►
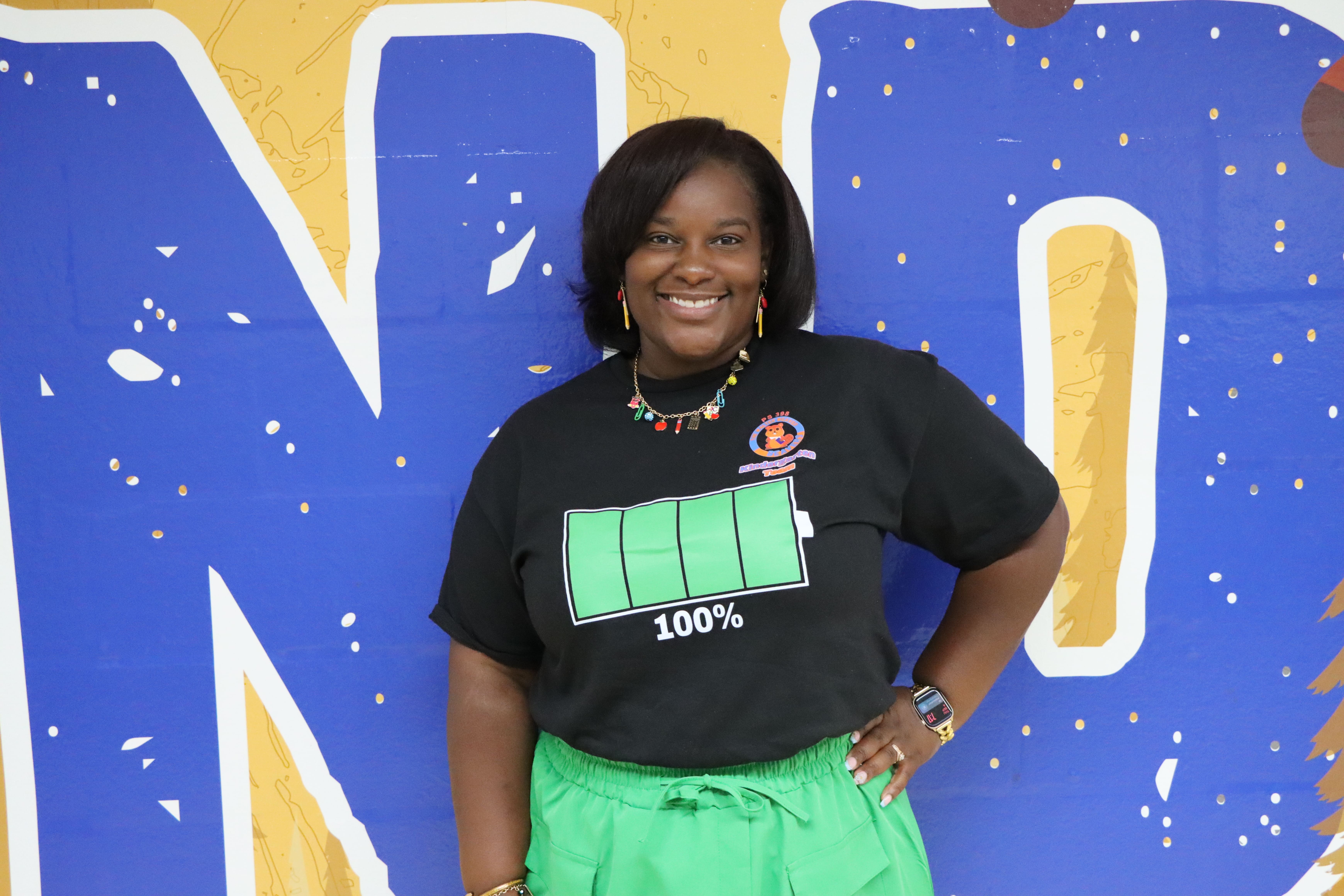 Student wearing battery icon shirt poses for portrait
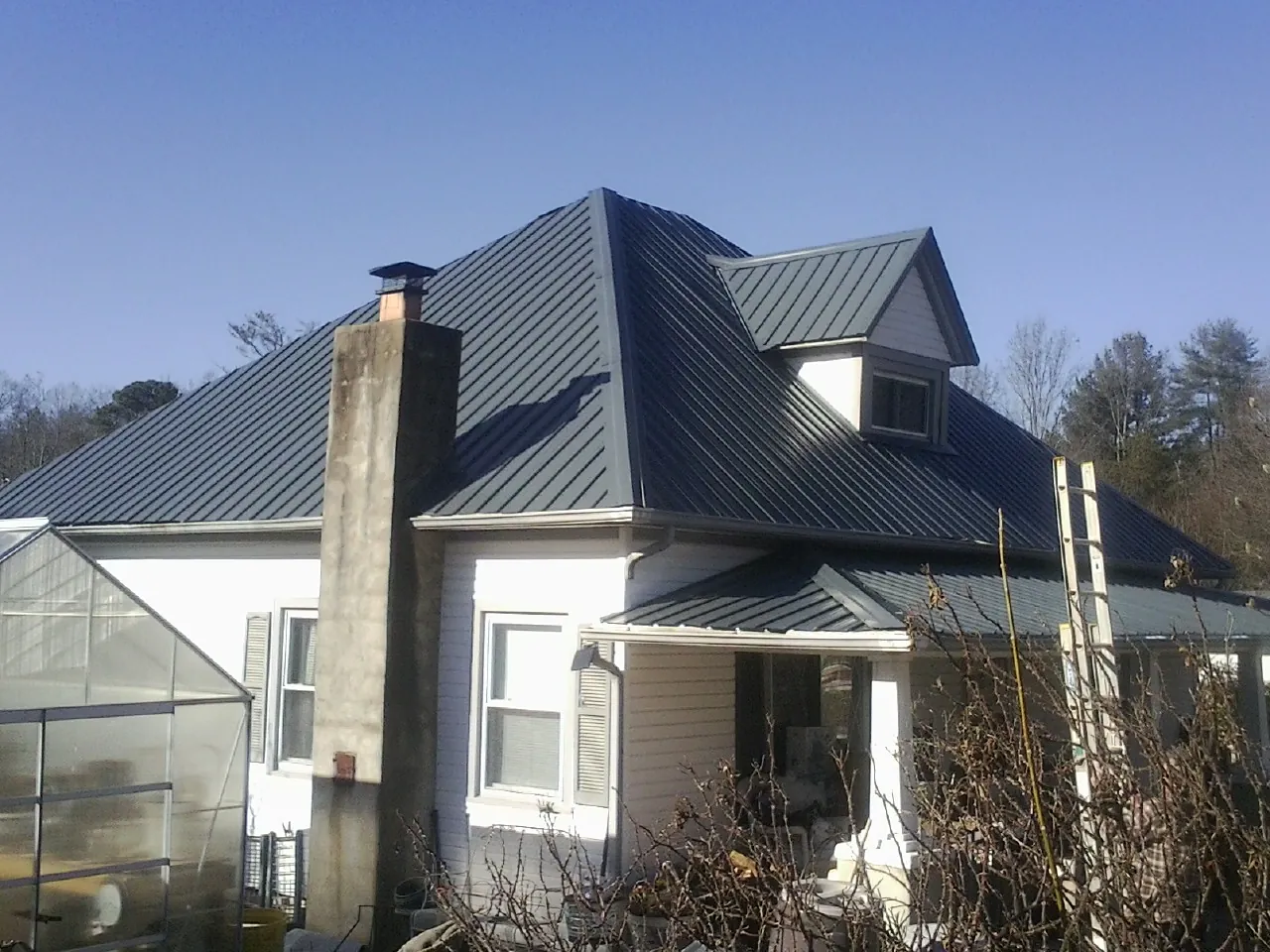 Dark blue standing seam metal roof on a white farmhouse with dormer — Slate & Tile Roof Repair by Roofing Brothers in Elvaston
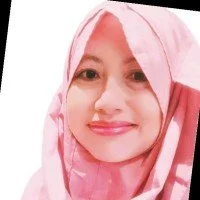 Person wearing a pink hijab, smiling at the camera.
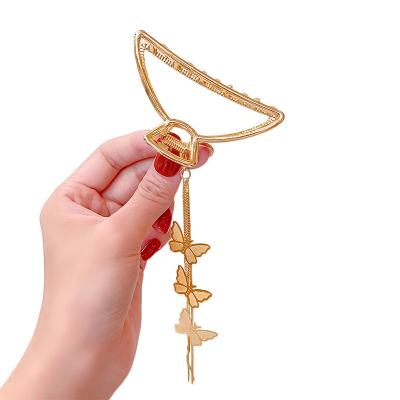 China Eco friendly hair claw Mengxin custom flower silver metal heart butterfly tassel big size rhinestone claws hair clips claw with tassle women bear for sale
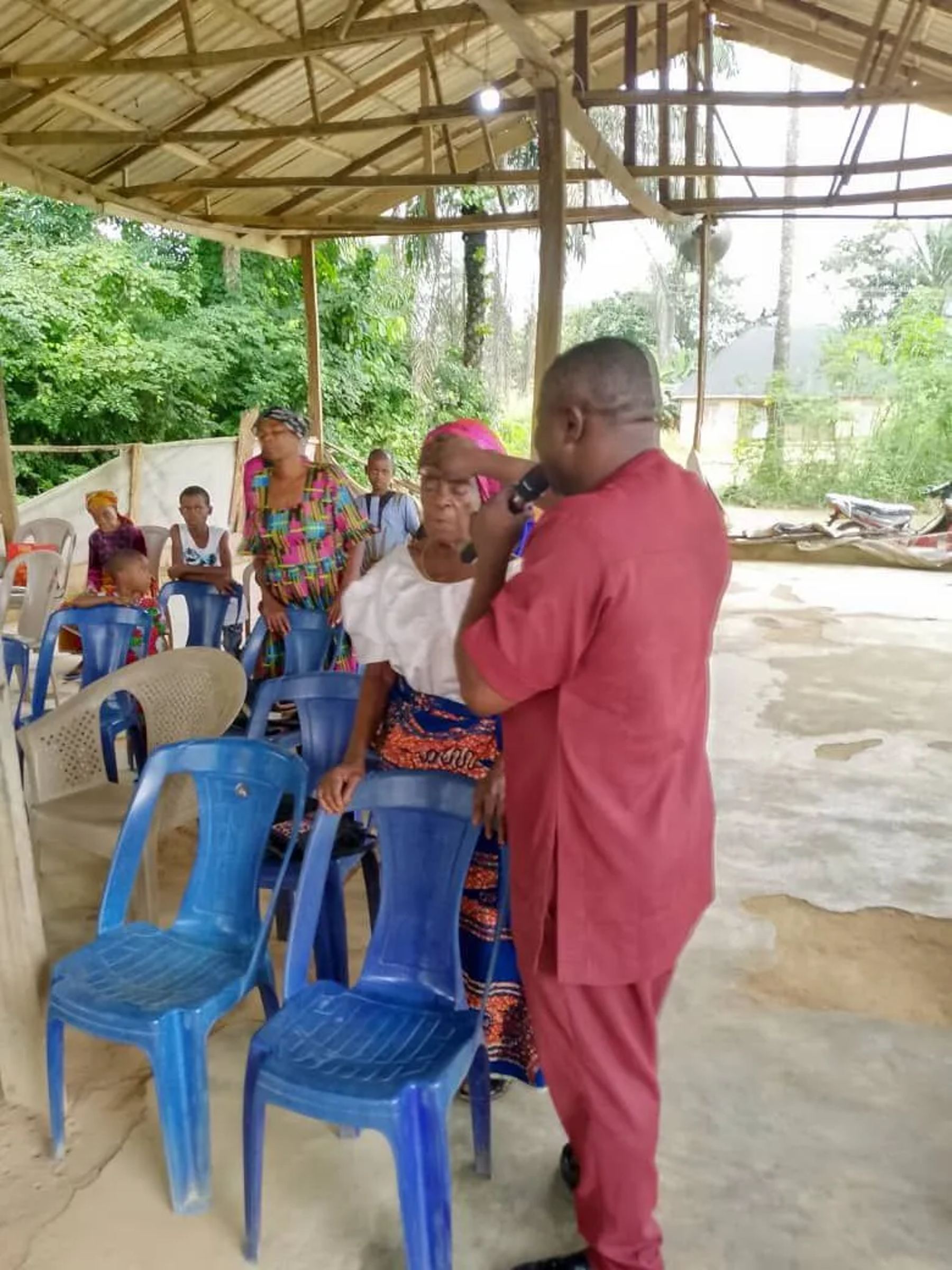 A minister with a microphone praying with a woman among the congregation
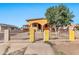 Cute yellow house with arched entryway and a metal fence at 4626 S 8Th St, Phoenix, AZ 85040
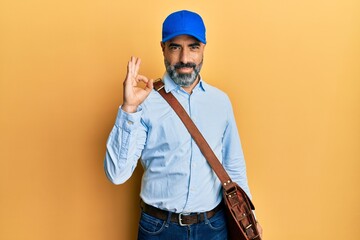 Middle age man with beard and grey hair wearing delivery courier cap smiling positive doing ok sign with hand and fingers. successful expression.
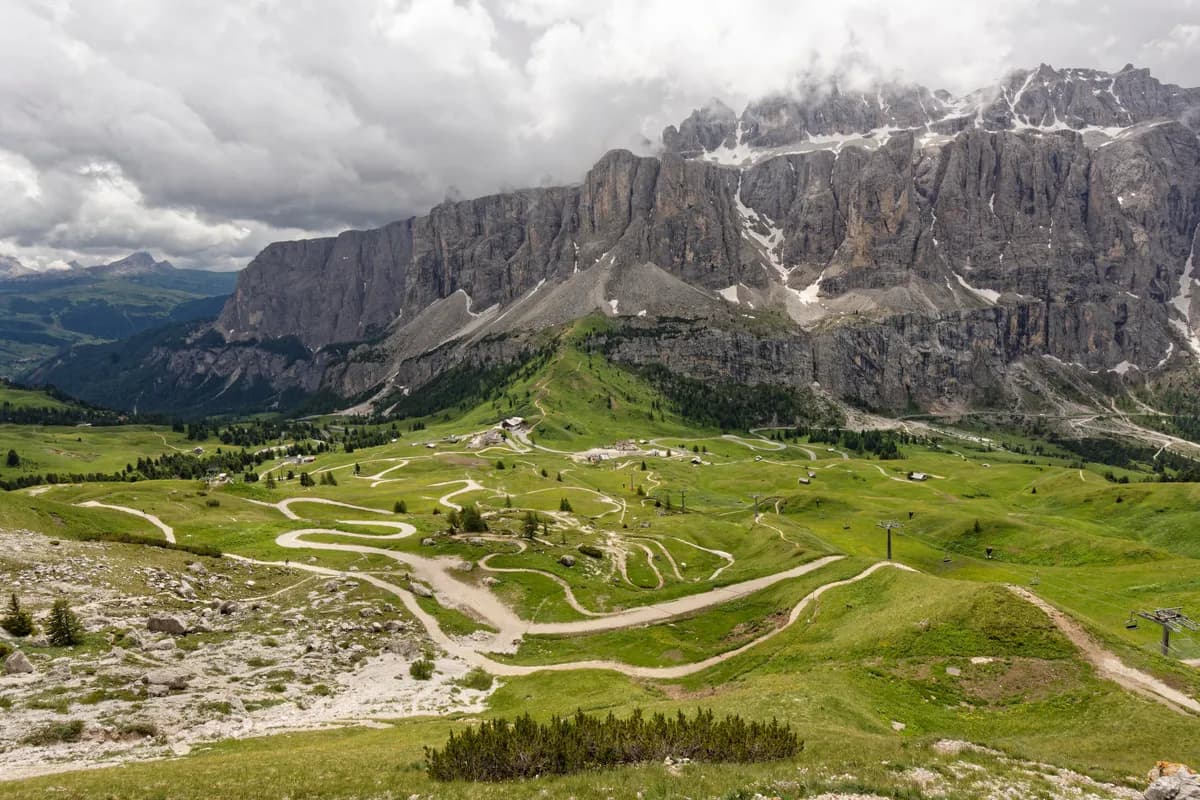 Switchback trails below the Sella massif at golden hour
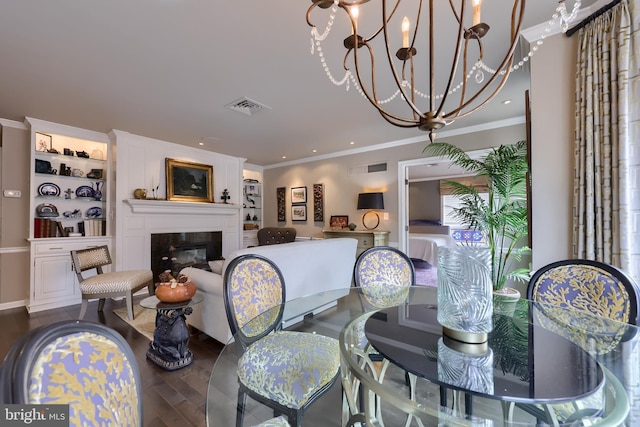 110 N Duke St Unit 201, Lancaster, PA 17602 - dining space featuring crown molding, a glass covered fireplace, dark wood-style flooring, recessed lighting, and a chandelier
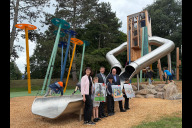 Bild Feierliche Eröffnung des neuen inklusiven Spielplatzes in der Grünanlage Ferdinand-Drexler-Weg (v.l.n.r.): Dr. Kerstin Schröder, Leiterin des Jugendamts, Oberbürgermeister Marcus König sowie Bürgermeister und Erster Sör-Werkleiter Christian Vogel am Montag, 28. Juli 2025, mit zahlreichen Kindern. Dank einer umfangreichen Kinderbeteiligung wurde der Spielplatz mit den Kindern entwickelt und für die Kinder gebaut . Die Kinder halten Abdrucke der selbstgebauten Modelle ihrer Wunschspielgeräte aus den Beteiligungen in der Hand. Sör hat viele Wünsche umgesetzt.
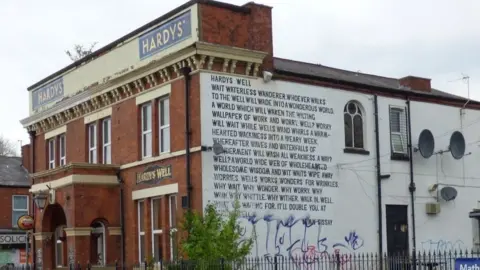 Gerald England  Hardy's Well pub with Lemn Sissay poem painted on the external wall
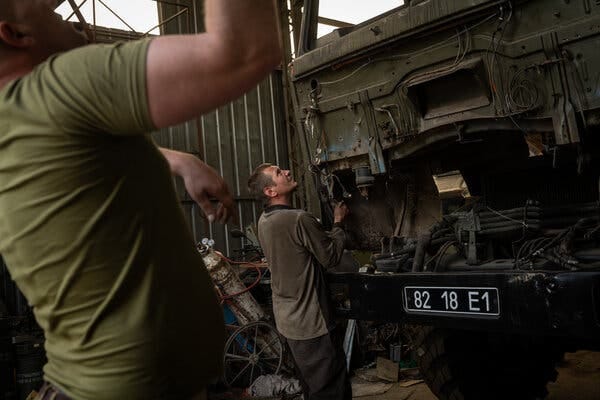 People in a workshop repairing a military transport vehicle.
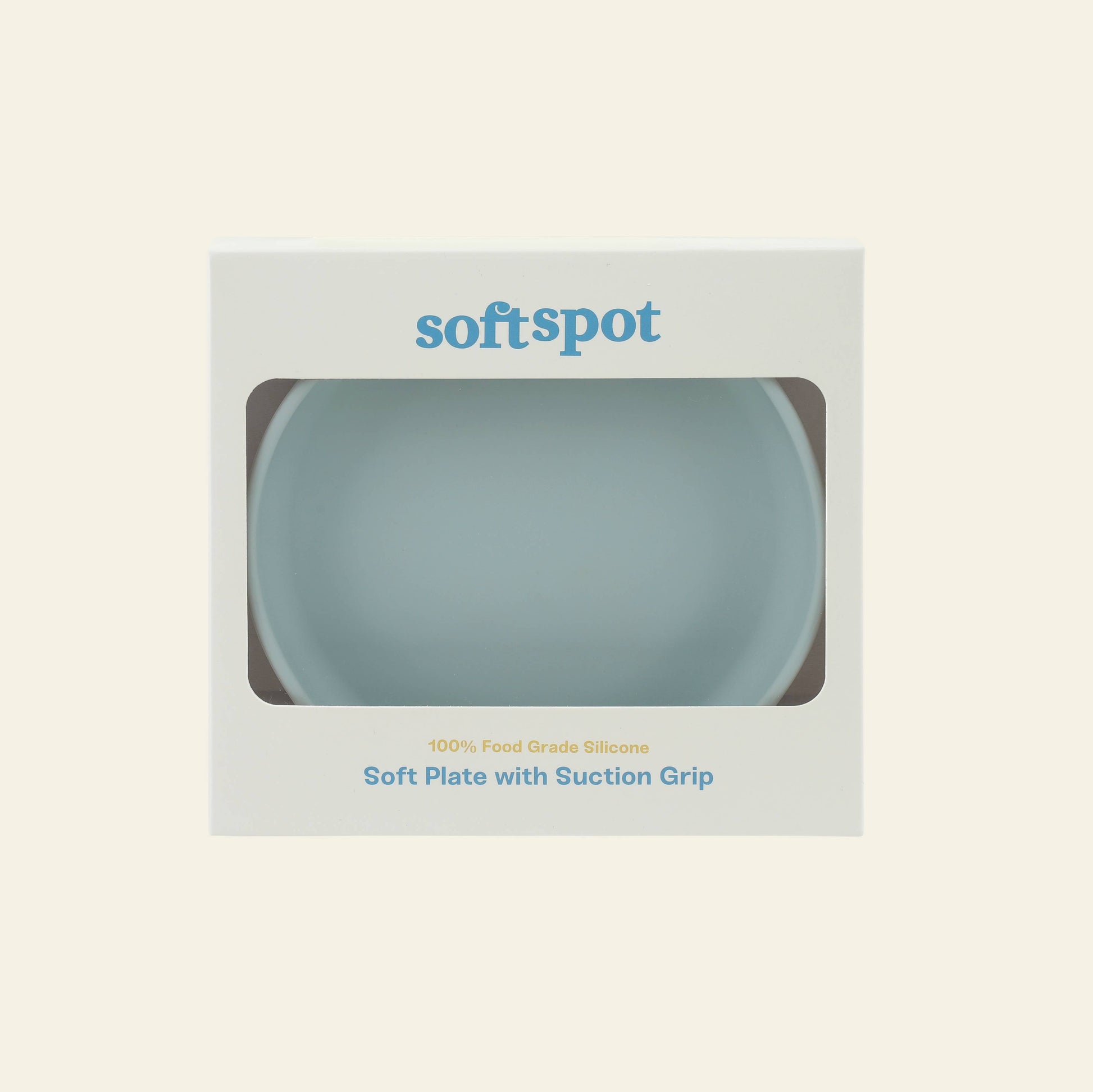 A light blue food-grade silicone Soft Spot Soft Suction Plate inside white packaging with a clear window. The brand name Soft Spot is printed on top, and Soft Plates with strong suction grip appears below the window.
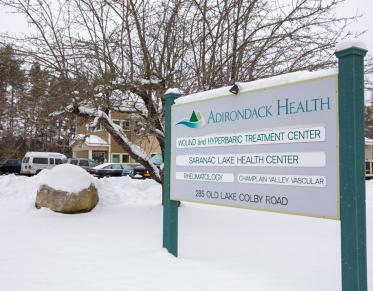 Entry sign with doctor names at the front of the Saranac Lake Health Center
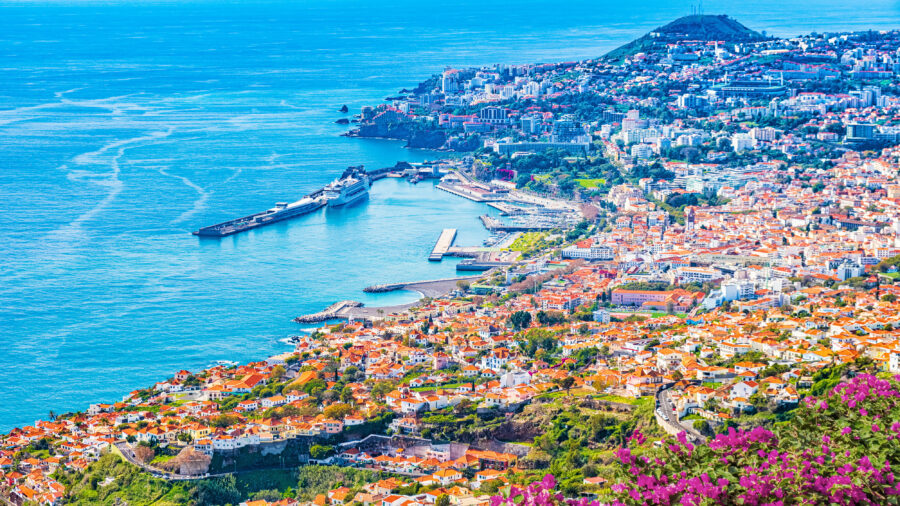 Panoramic view of Funchal, Madeira Island, showcasing vibrant buildings and lush hills against a clear blue sky.
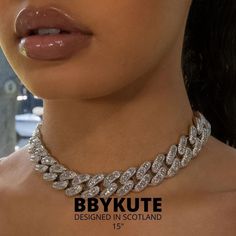 The 16mm Cuban Baguette Necklace is an upgraded version of the classy Cuban Link Necklace. Featuring both the round cut and the baguette-shaped prong-set stones. This is a statement piece that will do the talking for you. DESIGNED IN SCOTLAND BY BBYKUTE Luxury Diamond Necklace With Baguette Cut Diamonds, Luxury Classic Diamond Necklace With Curb Chain, Luxury Diamond Necklace For Party, Luxury Chain Jewelry For Parties, Elegant Diamond Jewelry With Chunky Chain, Trendy Silver Iced Out Jewelry, Luxury Silver Rhinestone Necklace With Cubic Zirconia, Elegant Cuban Link Chain Necklace For Parties, Trendy Diamond Jewelry With Bling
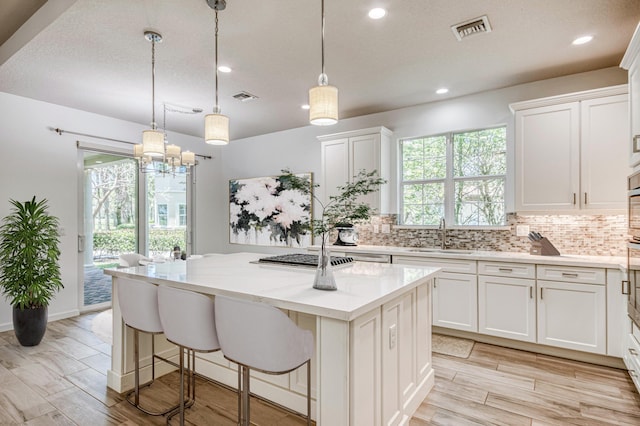 179 Tresana Blvd Unit 145, Jupiter, FL 33478 - kitchen with a sink, plenty of natural light, a center island, tasteful backsplash, and recessed lighting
◄
### Task statement
Please copy the lines above exactly, starting at the line that holds "China Eco friendly" and ending at the line that holds "Panoramic view of"; include both, but no pictures.

### Exercise output
 China Eco friendly hair claw Mengxin custom flower silver metal heart butterfly tassel big size rhinestone claws hair clips claw with tassle women bear for sale
 A minister with a microphone praying with a woman among the congregation
 Cute yellow house with arched entryway and a metal fence at 4626 S 8Th St, Phoenix, AZ 85040
 Middle age man with beard and grey hair wearing delivery courier cap smiling positive doing ok sign with hand and fingers. successful expression.
 Switchback trails below the Sella massif at golden hour
 110 N Duke St Unit 201, Lancaster, PA 17602 - dining space featuring crown molding, a glass covered fireplace, dark wood-style flooring, recessed lighting, and a chandelier
 Bild Feierliche Eröffnung des neuen inklusiven Spielplatzes in der Grünanlage Ferdinand-Drexler-Weg (v.l.n.r.): Dr. Kerstin Schröder, Leiterin des Jugendamts, Oberbürgermeister Marcus König sowie Bürgermeister und Erster Sör-Werkleiter Christian Vogel am Montag, 28. Juli 2025, mit zahlreichen Kindern. Dank einer umfangreichen Kinderbeteiligung wurde der Spielplatz mit den Kindern entwickelt und für die Kinder gebaut . Die Kinder halten Abdrucke der selbstgebauten Modelle ihrer Wunschspielgeräte aus den Beteiligungen in der Hand. Sör hat viele Wünsche umgesetzt.
 Gerald England  Hardy's Well pub with Lemn Sissay poem painted on the external wall
 People in a workshop repairing a military transport vehicle.
 A light blue food-grade silicone Soft Spot Soft Suction Plate inside white packaging with a clear window. The brand name Soft Spot is printed on top, and Soft Plates with strong suction grip appears below the window.
 Entry sign with doctor names at the front of the Saranac Lake Health Center
 Panoramic view of Funchal, Madeira Island, showcasing vibrant buildings and lush hills against a clear blue sky.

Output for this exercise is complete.